Smiley face

Hunt-Szymanski Algorithm(Match-List, 1977)


Main features
Description

Previously published algorithms for finding the longest common subsequence of two sequences of length n have had a best-case running time of O(n^2). Hunt and Szymanski presented an algorithm for LCS problem in O((r + n) log n) time, where r is the total number of ordered pairs of positions at which the two sequences match. Thus in the worst case the algorithm has a running time of O(n^2 log n).
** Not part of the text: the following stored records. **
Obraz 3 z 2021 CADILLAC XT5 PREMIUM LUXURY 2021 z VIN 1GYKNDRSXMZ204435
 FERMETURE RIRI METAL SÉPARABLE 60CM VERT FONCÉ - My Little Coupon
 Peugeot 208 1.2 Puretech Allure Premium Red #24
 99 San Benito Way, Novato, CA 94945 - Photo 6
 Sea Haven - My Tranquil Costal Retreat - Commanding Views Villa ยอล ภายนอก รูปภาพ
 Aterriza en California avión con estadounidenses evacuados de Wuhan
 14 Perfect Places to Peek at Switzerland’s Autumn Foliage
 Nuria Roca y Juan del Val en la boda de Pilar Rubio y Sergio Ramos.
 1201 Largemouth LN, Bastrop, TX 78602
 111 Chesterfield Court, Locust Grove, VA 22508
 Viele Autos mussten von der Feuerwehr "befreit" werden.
However, for those applications where most positions of one sequence match relatively few positions in the other sequence, a running time of O(n log n) can be expected.

C source code
int HuntSzymanski_Alg1(unsigned char *stringA, unsigned char *stringB, int m, int n)
{
   int i, j, k, LCS, high, low,mid, alphabet_size = 256;
   int *matchlist[alphabet_size], *L;
   for (i = 0; i < alphabet_size; i++){
      matchlist[i] = (int*)calloc((n + 2), sizeof(int));
   }
   L = (int*)calloc((n + 1), sizeof(int));

   /*-----make the matchlist-----*/
   for (i = 1; i <= m; i++){
      if (matchlist[stringA[i]][0] == 0){
         matchlist[stringA[i]][0] = 1;

         for (k = 1,j = n; j>0; j--){
            if (stringA[i] == stringB[j]){
               matchlist[stringA[i]][k] = j;
               k++;
            }
            matchlist[stringA[i]][k] = -1;
         }
      }
   }


   /*-----finding the LCS-----*/
   for (LCS = 0, i = 1; i <= m; i++){
      for (j = 1; matchlist[stringA[i]][j] != -1; j++){

         /*-----if the number bigger then the biggest number in the L, LCS + 1-----*/
         if (matchlist[stringA[i]][j] > L[LCS]){
            LCS++;
            L[LCS] = matchlist[stringA[i]][j];
         }

         /*-----else, do the binary search to find the place to insert the number-----*/
         else{
            high = LCS;
            low = 0;
            k = 0;
            while (1){
               mid = low + ((high - low) / 2);
               if (L[mid] == matchlist[stringA[i]][j]){
                  k = 1;
                  break;
               }
               if (high - low <= 1){
                  mid = high;
                  break;
               }
               if (L[mid] > matchlist[stringA[i]][j]){
                  high = mid;
               }

               else if (L[mid] < matchlist[stringA[i]][j]){
                  low = mid;
               }
            }
            if (k == 0){
               L[mid] = matchlist[stringA[i]][j];
            }
         }
      }
   }
   for (i = 0; i < 256; i++){
   free(matchlist[i]);
   }
   free(matchlist);
   free(L);
   return LCS;
}

int HuntSzymanski_Alg(char *stringA, char *stringB, int m, int n)
{
   return HuntSzymanski_Alg1((unsigned char*)stringA, (unsigned char*)stringB, m, n);
}
The files
  main.c   lcslib.h   HuntSzymanski_Alg.exe

Reference
J. W. Hunt and T. G. Szymanski, "A fast algorithm for computing longest common subsequences," Communications of the ACM, Vol. 20, No. 5, pp. 350-353, 1977.